Project Overview

Looking at text re-use in a corpus of seventeenth-century news reportage

It has been supposed by many scholars who have examined the newsbooks of the seventeenth century that newswriters indulged in a great deal of text re-use. This may mean the verbatim quoting of a source doument in more than one newsbook; it may also refer to more direct forms of duplication. The issue of text re-use in this period is a complicated one. Many writers were responsible for more than one periodical. Successful newsbooks might be duplicated or emulated in a number of ways by other hands - as reprints, as counterfeits, or as imitations, to follow the classification used in the New Cambridge Bibliography of English Literature. Furthermore, as with today's newspapers, even totally independent publications were still reporting the same events; for instance, speeches in Parliament.

All judgements of how extensive such re-use was in this period are of necessity somewhat imprecise.
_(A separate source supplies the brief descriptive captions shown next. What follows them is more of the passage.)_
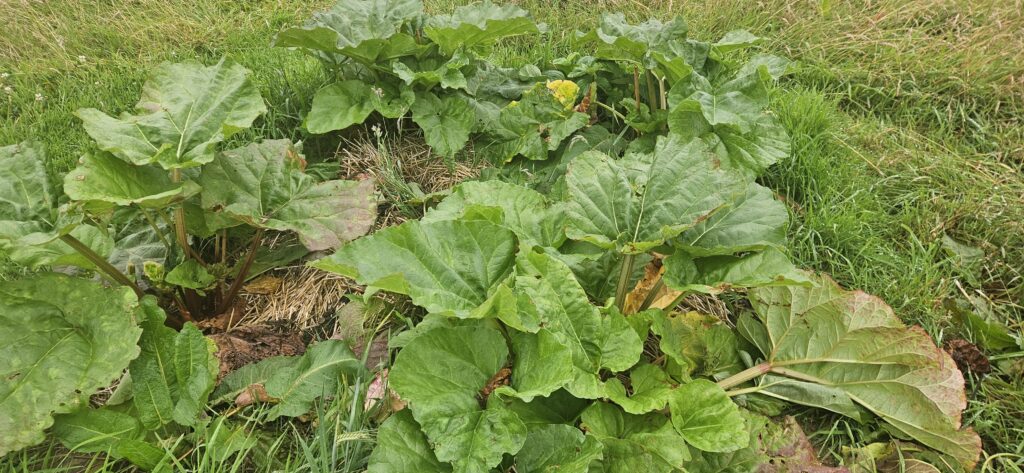 Rhubarb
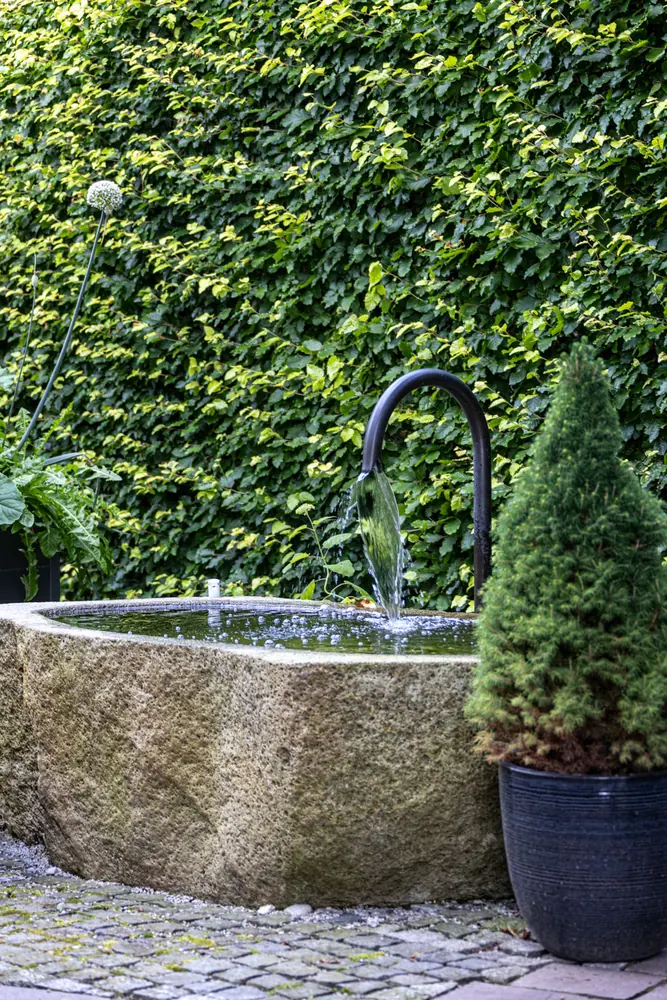 Naturstein-Brunnen mit Buchskegeln vor der Efeuwand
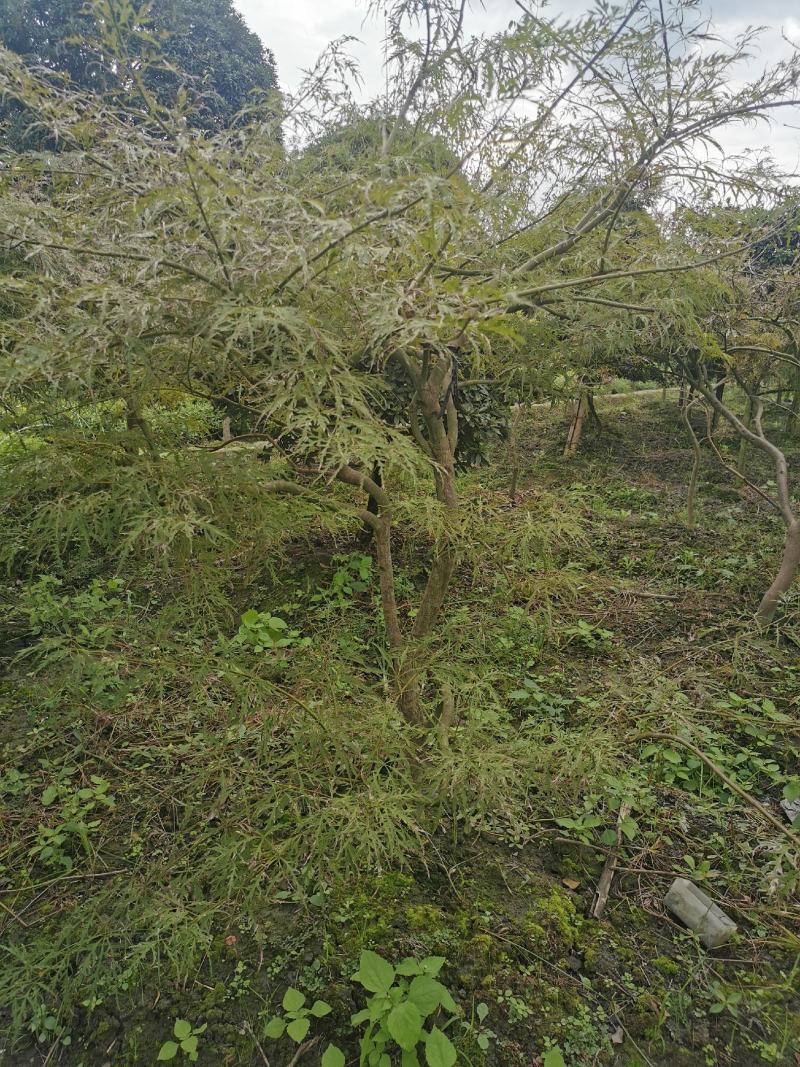羽毛枫苗圃批发各种规格造型的羽毛枫，原生羽毛枫，嫁接羽毛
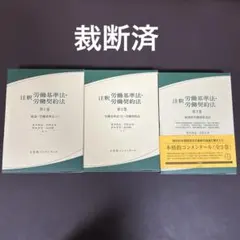 裁断済 辰巳 プロが作った論文合格問題集 答案集 民法 司法試験 予備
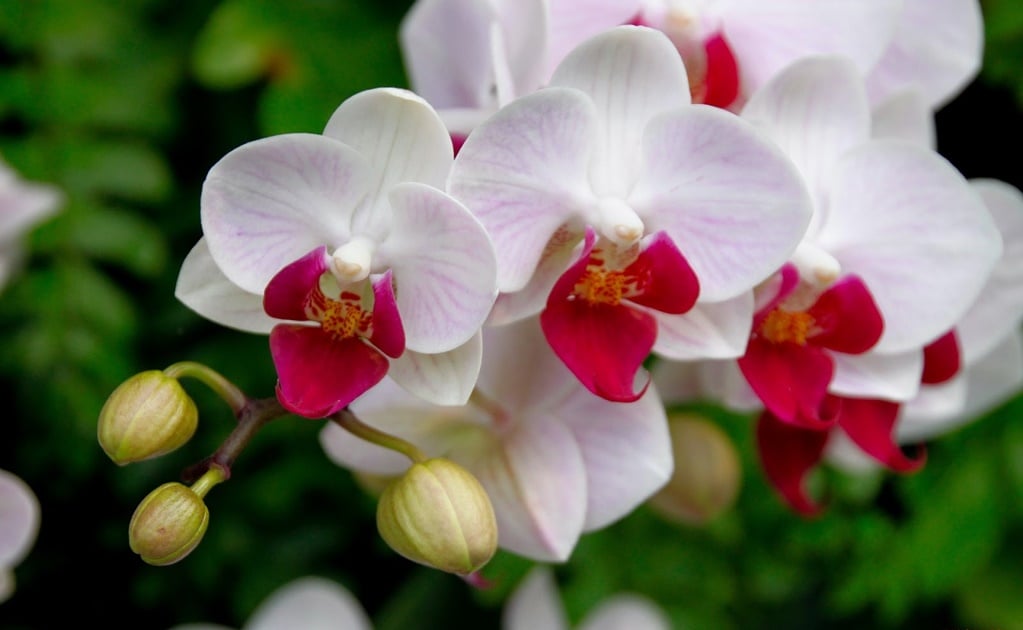 Floricultores denuncian saqueo de orquídeas mexicanas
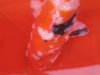 Koi 3.jpg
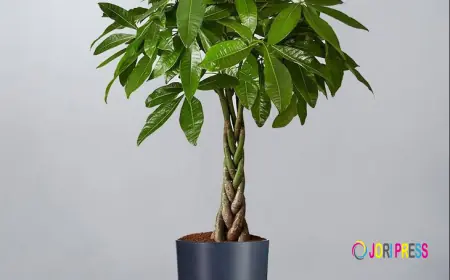 Buy Pachira Aquatica (Money Tree) 120CM Online in Kuwait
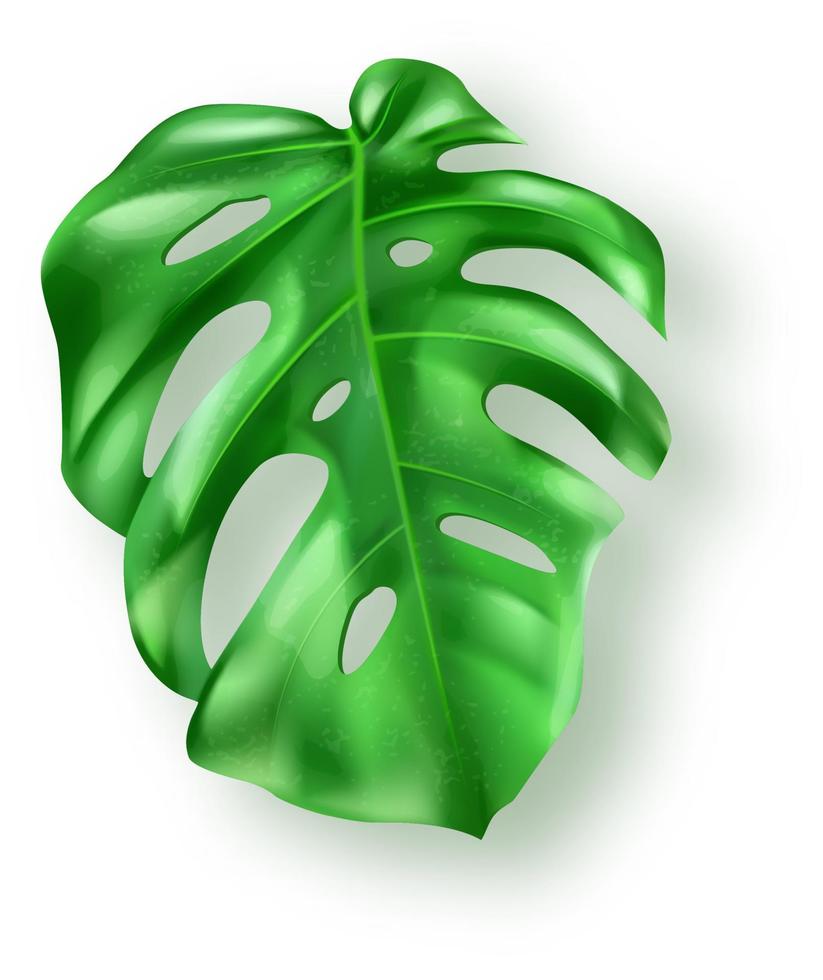 tropisch groen monstera bladeren Aan wit achtergrond vector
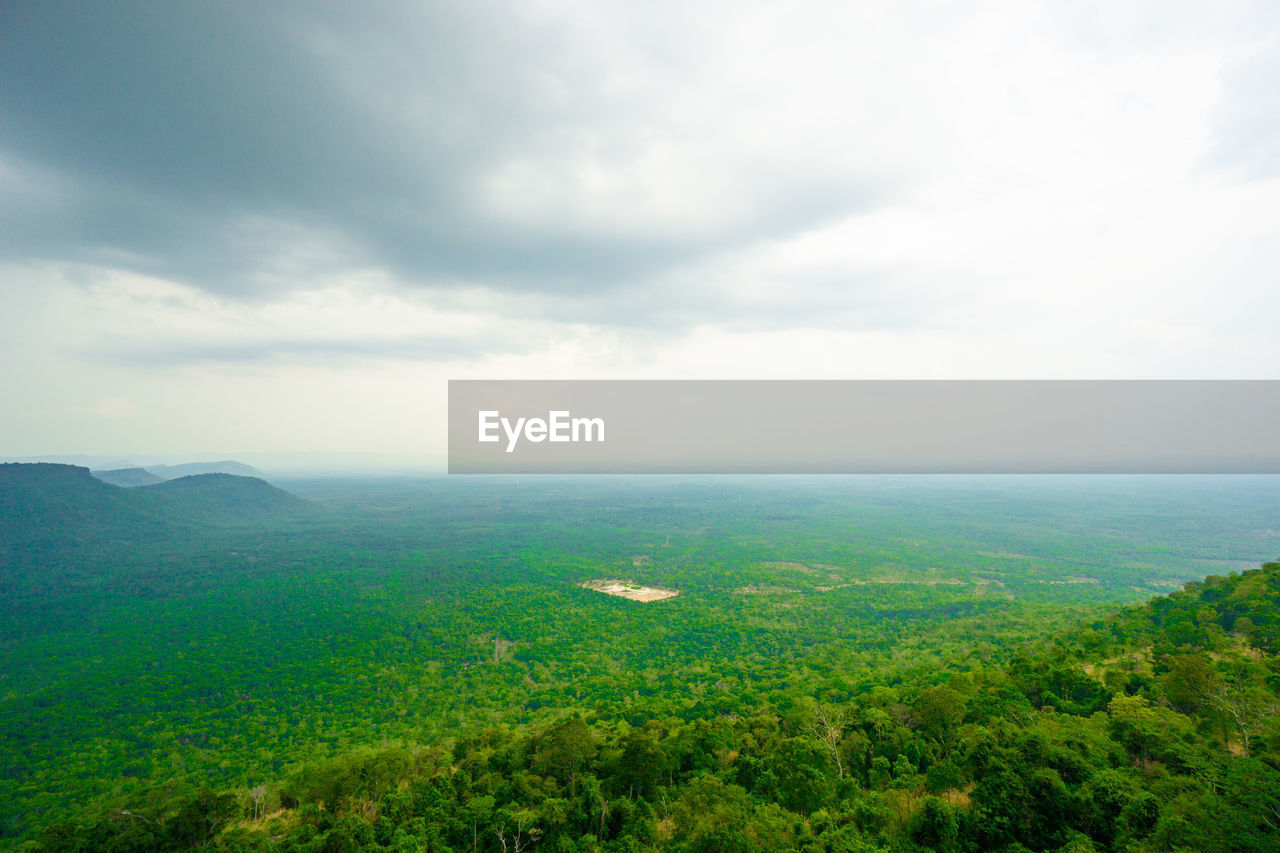 SCENIC VIEW OF TREES ON FIELD AGAINST SKY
The documents are available only on microfilm (with the exception of the elderly and delicate originals). Performing a large-scale quantitative study of the text re-use phenomenon would clearly be impractical using only pen, paper and the human eye: the process would be too lengthy and to prone to human error. However, using techniques associated with the methodology of computer corpus linguistics, it has now been possible to undertake such a study.

Using a corpus of text stored in machine-readable format (i.e. not as graphical scans) it is possible to perform a comparison of two documents swiftly and accurately, and produce very quickly a quantitative evaluation fo their similarity - that is, the extent to which one has copied from another, or to which both have utilised the same third source. To accomplish this, a project (funded by the British Academy) was begun here at the University of Lancaster to accomplish the following two aims:

Prepare an electronic edition of a set of newsbook texts from a given period within that covered by the Thomason Tracts;

Use an automatic algorithm to evaluate the extent to which text re-use occurs in this small corpus.

The period selected was that from December 1653 to May 1654. This period is of historical as well as linguistic interest, since it corresponds to the beginning of Cromwell's Protectorate. At this time much of England's attention was focussed on happenings in Scotland, where a Royalist uprising under Glencairn was threatening Cromwell's rule. A historical summary of the Glencairn Uprising, prepared for this project by Helen Baker, can be downloaded from this site.

Other items much in the news at this time included a peace treaty being negotiated with the Netherlands, and an embassy to the Queen of Sweden.

The corpus consists of approximately 800,000 words of running text drawn from all the newsbooks present in the Thomason Tracts that were published during the period in question. These documents were typed in an SGML-compatible format by transcribers during the middle part of 2002 (see also here for a description of the encoding scheme). It was then necessary to identify an appropriate method for examining the text re-use in the corpus.

A study of text re-use in modern newspaper reportage was conducted by a team at the University of Sheffield including Robert Gaizauskas and Scott Piao (see for instance P. Clough, R. Gaizauskas and S. Piao, "Building and annotating a corpus for the study of journalistic text reuse", in Proceedings, LREC 2002). On the basis of this investigation, Piao and Gaizauskas developed algorithms and software capable of evaluating the similarity of a pair of texts by scanning for similar strings of words. It is this program, called TESAS, which has been used in this project to look for text re-use in the Early Modern period.

To see some sample data from the corpus, and the workings of the text re-use evaluation algorithm, click here.

This process has now been applied to the entire corpus of newsbook text and the results are to be published in 2003.